C’est un fait qu’à l’heure actuelle la société qu’ils ont connue perd tous ses repères essentiels : l’autorité du père de famille est sérieusement ébranlée ; celle du pédagogue contestée, quelquefois par la violence, et celle de la religion ne permet plus, ou si peu, de connaître les notions du bien et du mal, quand elle ne les inverse pas d’elle-même.

Je lis que Nique Ta Mère – ah ! la belle appellation – appartient à une frange de la musique rap désignée sous le terme générique de « gang-sta » (rap de gangsters).

Les paroles de la chanson qui a provoqué le trouble et qui évoquent la police sont suggestives :

« … Police, véritable gang organisé. Comment peut-on défendre l’État quand on est soi-même en état d’ébriété, souvent même mentalement retardé ? » « J’enc… et je pisse sur la police… Donne-moi des balles pour la police… »
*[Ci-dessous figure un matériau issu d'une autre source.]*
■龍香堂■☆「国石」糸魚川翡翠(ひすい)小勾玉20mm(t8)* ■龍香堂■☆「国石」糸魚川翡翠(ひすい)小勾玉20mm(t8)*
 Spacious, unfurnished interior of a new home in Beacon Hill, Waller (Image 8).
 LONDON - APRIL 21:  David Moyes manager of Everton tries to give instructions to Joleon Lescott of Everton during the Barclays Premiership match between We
Les journaux sont pleins de l’émotion de ceux qui évoquent Baudelaire, de ceux qui défendent les « programmes culturels », de ceux qui dénoncent les atteintes à la liberté d’expression et à l’intolérance.

Tandis que la Ligue des droits de l’homme affirme sa solidarité, ce concert d’indignations et de protestations fait naître en moi un sentiment de culpabilité ; j’ai un peu honte de me sentir seul à penser à une pauvre jeune femme du nom de Sandrine, policier de son état, qui, il y a quelques jours, a été volée, tailladée au cutter et violée cinq fois dans une rame de RER, en plein après-midi.

Oui, je me sens « ringard » de penser qu’entre cette chanson et ce viol, il puisse y avoir le moindre lien.